Nothing beats dumb tweets (especially horrible tweets from celebrities). We live in an age where everyone feels the need to be on Twitter, either to market their brand or express their thoughts. But so many people are just terrible at it.
It's surprising that so many companies and individuals still don't understand how much backlash they can face for posting something insensitive or offensive. So, here are the most groan-worthy Twitter fails ever. Every one of them will make you cringe, and will make you wonder what the person behind the tweet was thinking. Some of them may have had good intentions, but ultimately they were tweets that backfired horrifically for the person or company involved. A lot of them have never recovered from the embarrassment.
Back in 2015, West Midlands Police sent out a tweet asking for help to find a missing 15-year-old girl. In horrible taste, a man with the username @Garbutted replied to the tweet saying: "If I find her I'll r*pe her."
He meant it as a "joke," but the police took him quite seriously. They told him they were passing on his information to higher authorities. The man quickly apologized and said he wasn't being serious, but soon had to delete his account because of the incident.
The story of how Justine Sacco's one tweet became a worldwide sensation is truly incredible. In 2014, the then 30-year-old PR director posted the above (mind-meltingly insensitive) tweet before boarding a plane to Africa. She landed 11 hours later as one of the most hated women on the planet.
People across the internet banded together to call her racist, and demand she get terminated from her job. You'd think that someone who works in PR would have a better idea of what jokes are safe to make.
Normally, when you tweet something regrettable, you can instantly delete it when you realize your mistake. Sacco didn't have the chance, however, because of her 11-hour flight. As the hours crawled on, so did the furor over the tweet, and the excitement over what would happen to her when she realized the entire internet was against her. The hashtag #HasJustineLandedYet began to trend worldwide.
When she finally hit the ground, she deleted the tweet (and her account, for good measure), but it was too late. She released an apology statement and cut her vacation short, but was soon fired from her job.
Following the horrific Aurora shooting incident in 2012, an editor at The Wall Street Journal by the name of James Taranto tweeted out this doozy. It obviously didn't go over well.

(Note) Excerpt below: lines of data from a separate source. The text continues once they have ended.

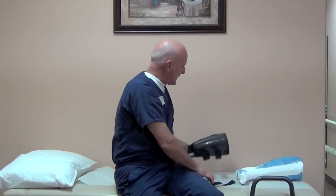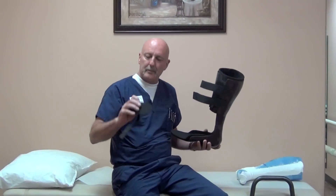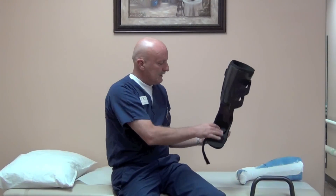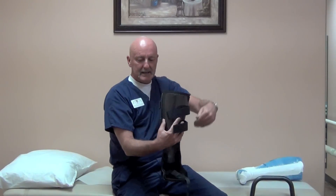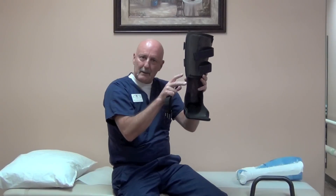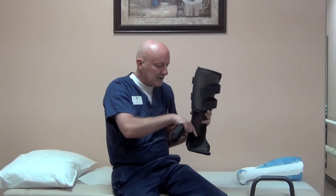Once we do that, when the patient puts the brace on, they incorporate a half or five-eighths inch wedge, put that inside the AFO with the little tab going out front. They strap the brace on their leg, then pull this out and the leg will drop down — but it will drop down just far enough where the heel will barely touch or not touch at all.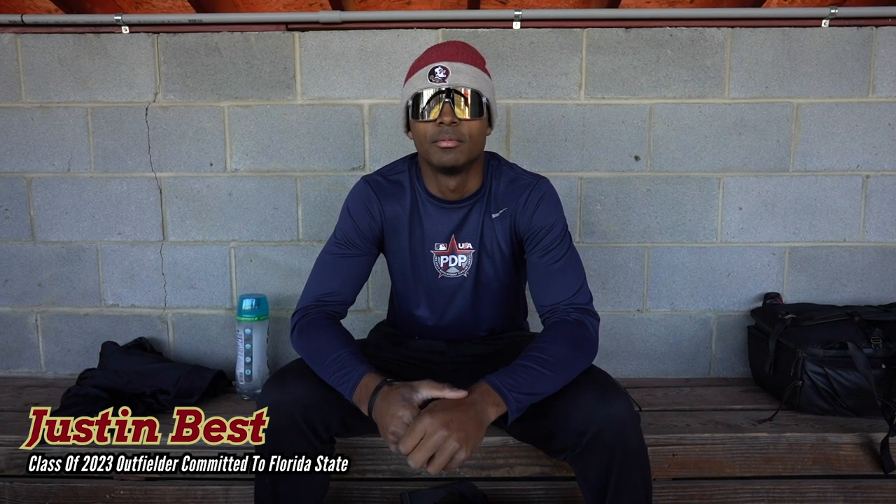Justin Best, Class of 2023, Center Field, Philly Scout Team, Combine Academy. I'm committed to Florida State, and this is what's in my baseball bag.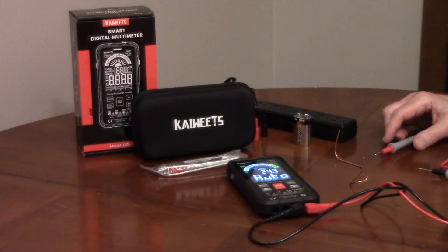The Kiwitz Smart Digital Multimeter, model KM601, has an auto-ranging smart mode. It detects when you're testing and will automatically set the range.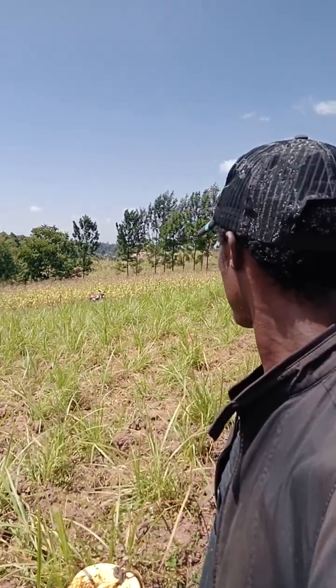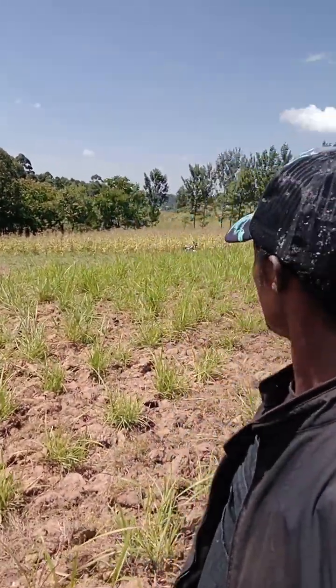Hello guys, welcome. I want to show you a secret that no one showed me, but I'm glad to share with my fellow youths, because farming is the backbone even if you pretend not to know. So this is my plot of land.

He faced immediate backlash over his tweet, but the stubborn journalist stuck to his guns.
He called his tweet challenging, and started re-tweeting his positive and negative replies. He never apologized for the insensitive nature of his tweet, but he did later call it "ill-considered."
This tweet is worthy of a serious facepalm. During the tragic Aurora movie theater tragedy and the subsequent twitter trend #Aurora, CelebBoutique.com posted an insensitive tweet saying: "#Aurora is trending, clearly about our Kim K inspired #Aurora dress ;)."
It then linked to their website, where people could buy said dress. Once they realized why #Aurora was trending, they immediately deleted the post and apologized, but the damage was already done. Seriously, people, just do a modicum of research before you tweet.